Conclusions and Importance
We report a case of bull's eye maculopathy in a patient with hereditary hemochromatosis with no previous exposure to iron chelators and no known inherited retinal dystrophy. Ocular involvement in hereditary hemochromatosis is relatively rare. In this case, the patient's low serum ceruloplasmin is thought to have increased the amount of redox-active ferrous iron and potentiated retinal iron toxicity resulting in the observed retinopathy. To the authors' knowledge, this is a potentially novel ocular manifestation of hereditary hemochromatosis.
Keywords: Retinopathy, Iron, Copper, Ferritin, Optical coherence tomography, Retinal pigment epithelium
1. Introduction
Primary or hereditary hemochromatosis (HH) is characterized by iron overload in multiple organ systems. A genetic mutation, most commonly in the HFE gene, results in increased intestinal absorption of iron, later leading to iron overload throughout the body. The deposition of iron in ocular structures has long been described in several clinical studies1,2 with one histopathologic study demonstrating iron deposition in the sclera and ciliary epithelium.3
A clinical HH series by Hudson et al. demonstrated normal visual acuity without retinal pathology, including the peripapillary pigmentation described previously by Maddox in 1933.4 In addition, a study by Menghini et al. screened patients with HH treated by serial phlebotomy, including those with high and normal initial ferritin levels, to identify whether these individuals had any form of retinal degeneration based on optical coherence tomography (OCT) and clinical exam. While a relatively small study size, the data showed no association of initial ferritin levels, a marker of iron overload, in association with retinal pathology.5 To our knowledge, this is the first case report of bull's eye maculopathy associated with HH in a patient without exposure to any iron chelator or identified inherited retinal dystrophies.
2. Case report
A 39-year-old man was referred to comprehensive ophthalmology clinic with gradual “blurring” of vision in both eyes over the past 1–3 years, and a three-week history of bilateral intermittent photopsias and headache. Best corrected visual acuity on presentation was 20/20-2 in the right eye and 20/25 in the left eye. Visual fields were full to confrontation and pupillary exam was normal. The anterior segment exam was normal without cell or pigment abnormalities of the cornea or iris and no Kayser-Fleischer ring. On dilated fundus exam, the patient was found to have a bilateral bull's eye maculopathy with blunted foveal light reflex and extensive mid-peripheral speckled hyper- and hypo-pigmentation with sharp disc margins and no optic disc pallor. Fundus imaging documented these findings along with parafoveal and patchy mid-peripheral hypoautofluorescence with corresponding fluorescein angiographic transmission defects (Fig. 1). In addition, there was perifoveal hyperautofluorescence. Optical coherence tomography demonstrated a bull's eye pattern of photoreceptor loss with retinal pigment epithelium (RPE) transmission defects and apparent anterior migration of RPE cells (Fig. 2), and kinetic visual field demonstrated a corresponding paracentral scotoma (Fig. 3). The full field electroretinogram (ERG) demonstrated generalized rod and cone dysfunction and the multifocal ERG (Fig. 4) showed profound loss of the paracentral ring corresponding to photoreceptor loss with some central preservation of waveforms.
Fig. 1.
Multimodal imaging, both eyes, at presentation.

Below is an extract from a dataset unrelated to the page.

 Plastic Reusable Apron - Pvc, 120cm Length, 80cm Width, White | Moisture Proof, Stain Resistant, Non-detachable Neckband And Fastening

Color fundus photograph montage (right eye, 1A; left eye, 1B) showed a central bull's eye maculopathy with mid-peripheral speckled hyperpigmentation. Fundus autofluorescence (right eye 1C; left eye 1D) revealed a ring of parafoveal hypoautofluorescence with an adjacent ring of hyperautofluorescence and patchy hyperautofluorescence in both eyes. Fluorescein angiography of right eye at early venous phase (1E) demonstrated mid-peripheral window defects corresponding to the areas of speckled hyperpigmentation seen on fundus photography. Fluorescein angiography of left eye at 1.5 minutes later (1F) showed a similar pattern of window defects without evidence of leakage. Late frames (not shown) did not reveal any areas of leakage in either eye.
Fig. 2.
Optical coherence tomography, both eyes, at presentation.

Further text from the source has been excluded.